For a team whose name alludes to sweetness, Eye Candy talked a lot of trash over the course of the Major League Show Jumping (MLSJ) season.

They came into the MSLJ Final at Desert International Horse Park in Thermal, CA as the team to beat with 60 points, making them both an audience favorite and an MLSJ Team enemy. As if that wasn’t enough pressure, they had their team captain behind the scenes smack talking the competition in their name.

That’s right, the Eye Candy team member with maybe the most cutthroat competitive instinct was no rider, but owner Erica Hatfield. While her riders were quietly schooling their horses, Hatfield was busy playing a game of psychological chess.

It paired well with the competitive spirit of the Team Event. Her lengthy Instagram prose took jabs at the likes of the Lucky Charms and the Crusaders. Even A.I.M. United couldn’t escape her hilarious barbs. Perhaps it was the mounting stress of her impending post that rattled the riders of the other teams. But for her own riders it was motivation. They had no choice but to live up to the expectations she set for them.

“We’re coming in here with the pressure of leading. We talked last week there was a bit of trash talk about how some people were going to catch us. But thankfully we have the last trash talk now,” smiled Conor Swail. “So we’re able to sit up the top here and you know, we have bragging rights ’til next year. So things are good.”

But Swail was the last rider to be flustered by the weight of high expectations. Eye Candy qualified for the second round on a single time fault—the best team performance of the day in Round One. Amy Millar and Jacqueline Steffens laid down blistering rounds to secure the team’s slot in the Gold Medal Jump Off, and while Swail’s horse was tacked and ready to compete, he ultimately didn’t need to. Complications in the warm-up for the Crusaders, the team they were set to jump-off against, sealed the win for Eye Candy.

“We decided to leave me for the final round because my horse is supposed to be quick, but I don’t know. The speed that these these two went was phenomenal,” Swail boasted of his teammates.

“I watched [Diamond Devils’] Kristen Vanderveen go [in the bronze medal match], who’s a very fast rider, and Nayel [Nassar], who is doing extremely well also here, winning everything. They were both 52 [seconds], and I’m like, Oh, that’s going to be really tough for us and [Amy and Jacqueline] beat them by four seconds each—it was incredible.”

“I think Erica’s enthusiasm is really contagious, and I think it motivates all of us, and it raises the standard in a way where it’s exciting and you absolutely want to do your best,” said Steffens, who put down the fastest time of the night with 48.24 seconds.

Hatfield talked a big game all season but she admits even she had doubt creep in this morning, and had several posts saved in her drafts in the event of a less fortunate scenario.

“I really felt like we weren’t going to win. I was super superstitious about it today. I wrote just tons of captions how I was going to explain this pathetic loss,” Hatfield told the press conference, a gold medal ’round her neck.

“And then it just turned out that these guys are so awesome that we could win it.”

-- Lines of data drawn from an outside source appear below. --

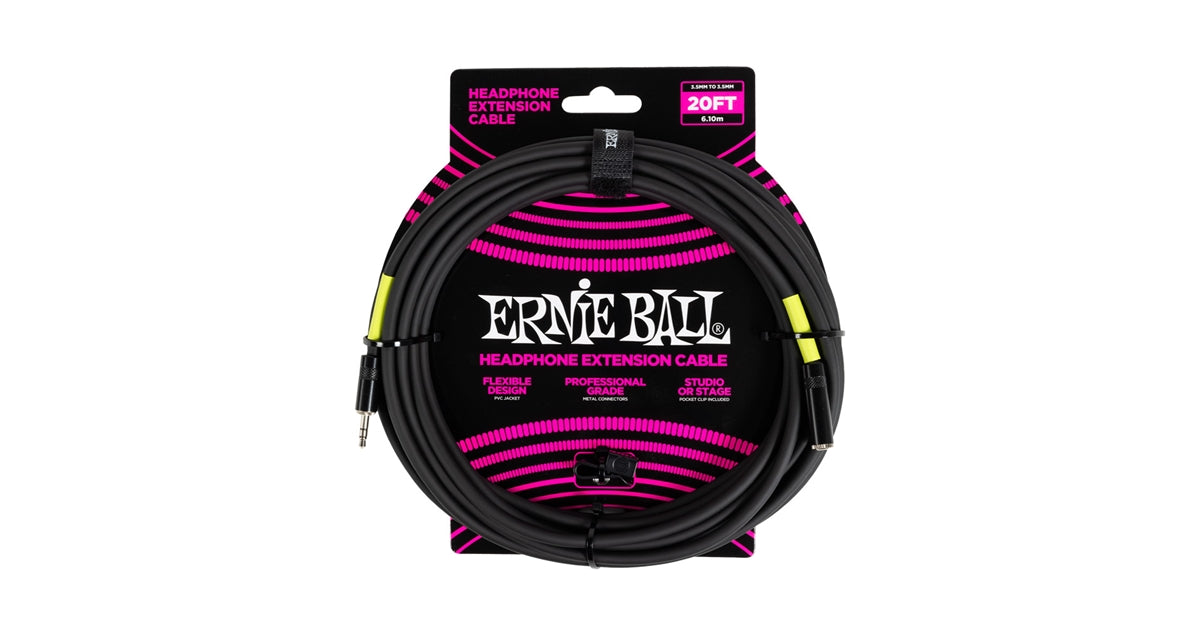 Ernie Ball 6425 Prolunga cuffie trs jack piccolo 6m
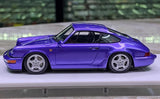 [Make Up] 1:43 Porsche 1992 911 964 Carrera RS Purple Model Car Resin
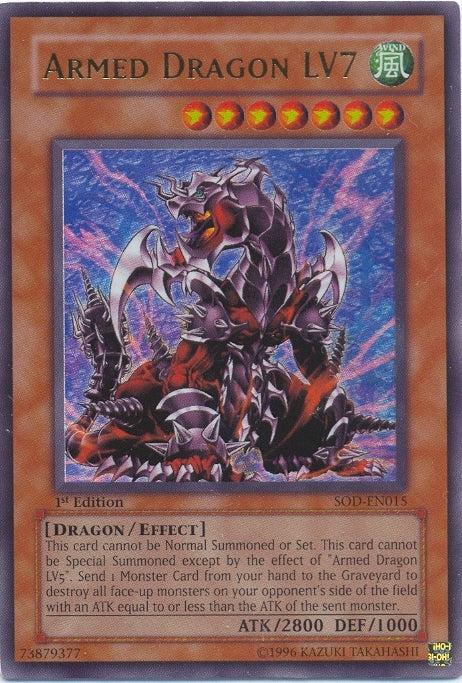 Armed Dragon LV7 [SOD-EN015] Ultra Rare | Jomio and Rueliete's Cards and Comics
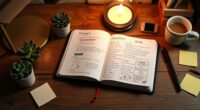 bullet journal goal planning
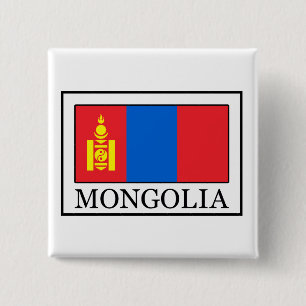 Mongolia 15 Cm Square Badge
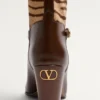 Bottes Pattie en cuir de veau effet poney 75 mm Bottes Pattie en cuir de veau effet poney 75 mm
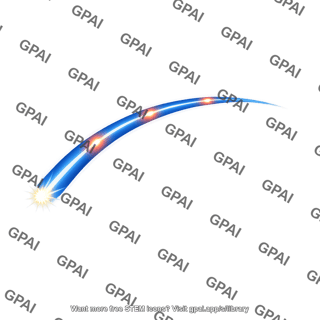 Curved radio jet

Jokes aside, behind the flashy Miss Eye Candy mascot, decorated social media posts, and colorful gear, there was a 5* competition to win. No matter how you look at it, it is the highest level of sport show jumping offers, and Eye Candy had serious athletes on their team.

“Being part of this team has been amazing through and through, and when it comes to trash talking, I mean, I think we’ve got the master over here [with Erica], so we always win that,” laughed Millar. “But we also take everything very seriously. Even the draw party’s very serious. There’s no game, and it’s the same with the team competition. We’ve put our best horses in. We put our best effort,” said Millar.

So like Swail said, they have bragging rights for a year and we can look forward to Hatfield’s social post about her incredible season as team owner.

Come next year, though, they’ll have to fight even harder to defend their trophy.